If you have an Italian passport, you can come to Italy at any time, regardless of travel restrictions on US citizens entering the country. But you will have to be in quarantine for two weeks if you have been in the USA for at least two weeks before you flew to Italy. Also, Andrew, if you're an Italian citizen, you don't have to sign a lease or have a place to live before you come to Italy (these rules are for foreigners seeking to enter Italy on a visa). (You can quarantine in your hotel and then start to look for a permanent place at the end of the two weeks). If you don't have your Italian passport yet, but you are registered in AIRE (as an Italian living abroad), you can request an expedited passport appointment with your consulate if you already have your plane ticket to prove that your travel to Italy is imminent.


----------



## Italia-Mx

Hi. One more thing. If you don't yet have an Italian passport, you cannot buy a plane ticket to Italy or any other country in the European Union with an American passport at this time so the Italian passport is absolutely necessary.


----------



## RMMARS

Hello,
I'm thinking of moving to Sanremo, and to make some lovely rental places for tourist. What is the tourisme like trough out the year? 
And do you have any tips or tricks for me?


----------



## corndog

RMMARS said:


> Hello,
> I'm thinking of moving to Sanremo, and to make some lovely rental places for tourist. What is the tourisme like trough out the year?
> And do you have any tips or tricks for me?

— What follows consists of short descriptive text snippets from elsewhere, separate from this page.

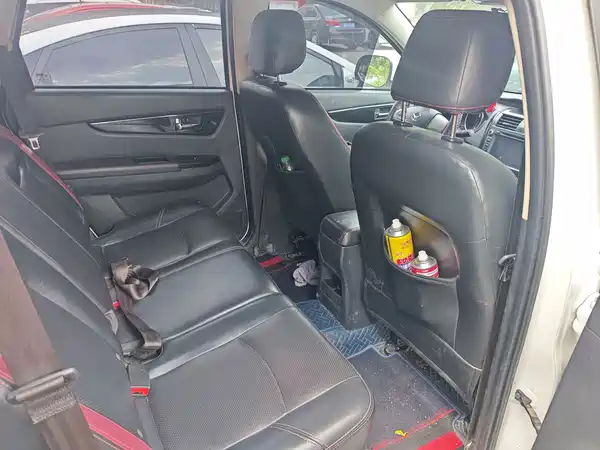 BAIC Huansu S3 2015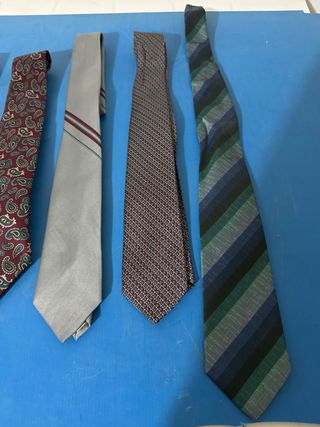 Lotto di 6 cravatte colorate vintage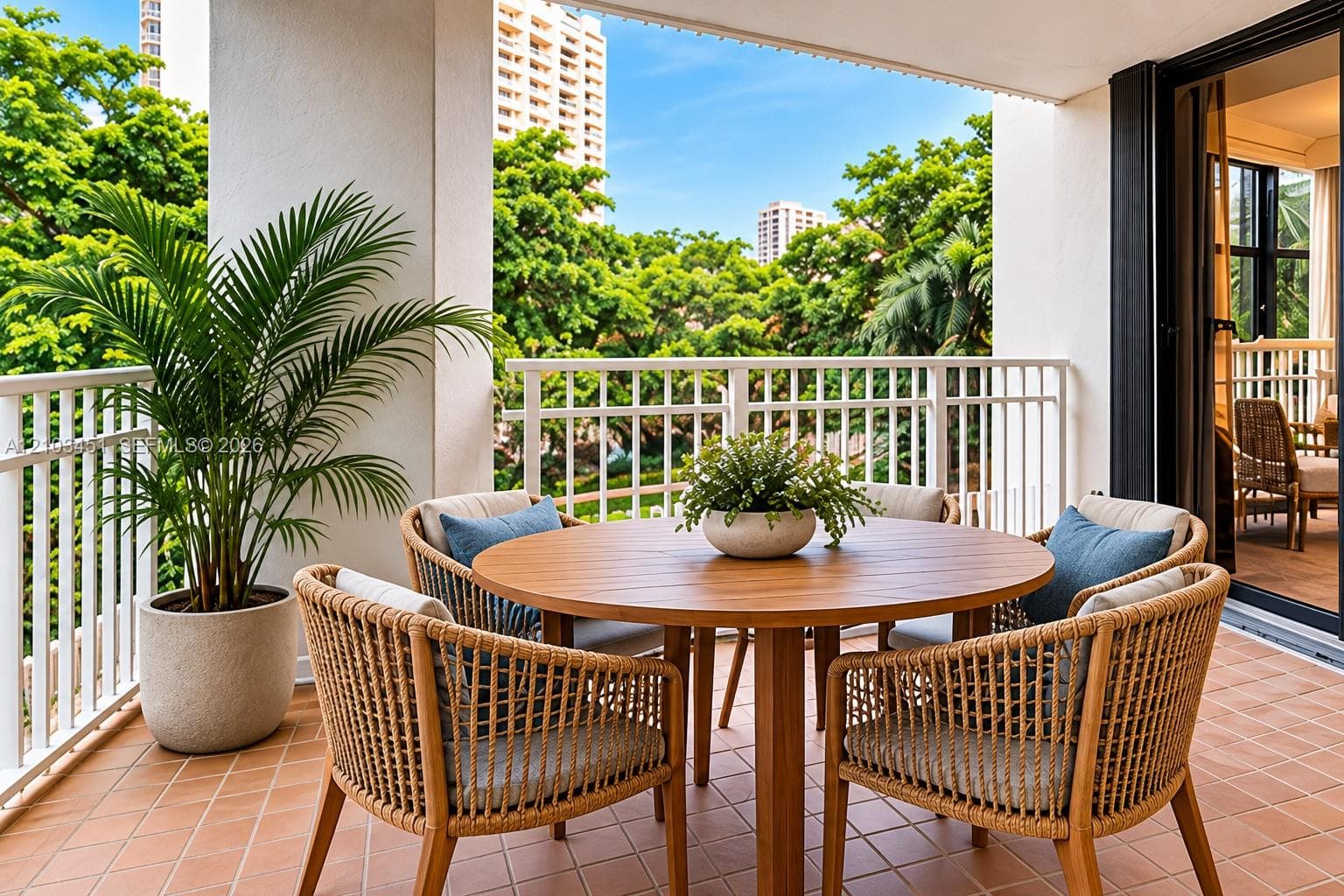 2000 Towerside Ter # 301, Miami FL 33138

One aspect to think about, out of many, is the relationship between the amount of effort you need to put in to distinguish yourself, and the amount of competition. I like to use google maps to look at how many agri/tourismo's there are in an area I'm interested in. You'll have to zoom in and out a bit to see different ones popup, perhaps it's relative to their size/popularity, I'm not sure, but zoom in and out and you'll get a visual idea of where they are. 

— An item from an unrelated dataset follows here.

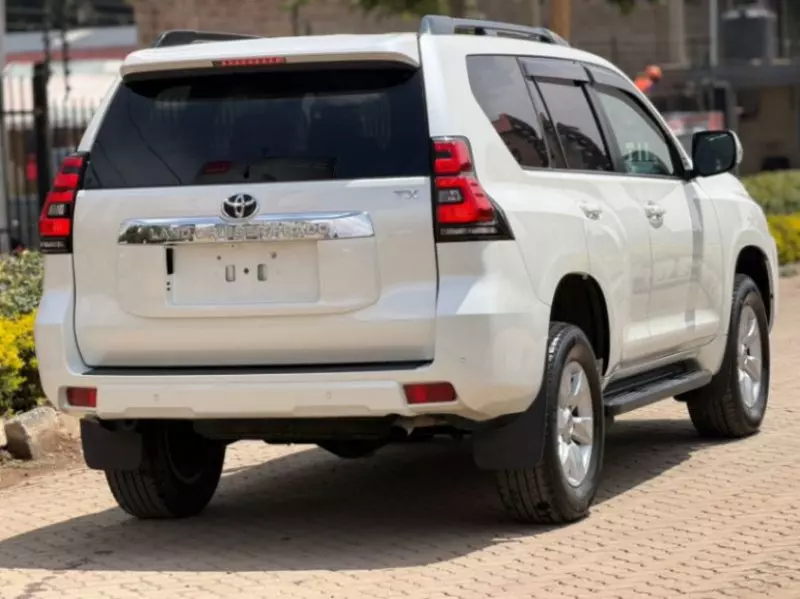 Toyota Landcruiser Prado   - 2019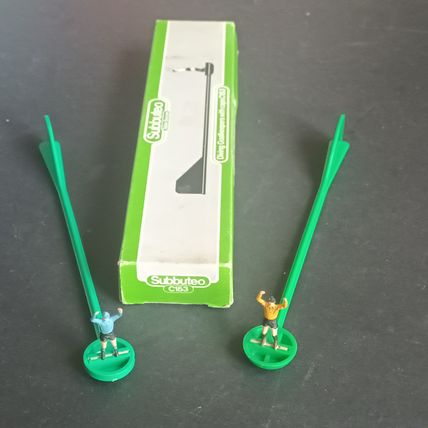 Subbuteo HEAVYWEIGHT GOALKEEPERS With Caps C153 In Referenced Box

You'll want to investigate what they're offeringing and if you want to be in there with them, then you'll need a plan for creating a spot for yourself. Some sort of value/location/feature/service combination that makes you appealing from the consumer point of view, just because there are so many of them. And it's best if your combination is truly unique, as not to take away business from anyone else.

Personally, I'd rather be in an area where there just aren't many options and simply being open is essentially a "feature".


----------



## NickZ

Usually places with no options have no customers. Having a full booking book means your nightly average is higher. Empty nights still cost you but bring in nothing.

I think Google lets you check the average prices over the course of the year. The areas with seasonal peaks for tourists are going to have the same behavior in prices. If you see prices drop at certain times or spike in others you'll have an idea how the traffic is.


----------



## corndog

Not sure that's entirely true, just because these places had to come from somewhere, meaning they haven't always been there. If there's a nice area that's worth visiting and there are no places to stay, or very few, it might be a good place to look at. Plenty of people are specifically looking to stay in areas away from the chaos.

I guess it just depends what kind of business a person is looking to run. Something more relaxed, or if they just need to bring in as much income as possible. Certainly you'd want to be in a busy area, or close to it, if income is the primary concern.


----------



## NickZ

These days "new" places need a lot of marketing money to get anywhere. You need to pay airlines to fly to you. Tour companies to come to you. 

There are so many places in Europe (seasonal and not) that it's very hard to standout.


----------



## PauloPievese

In the "better late than never" category, there is an app, agriturismo.it" with the obvious.


----------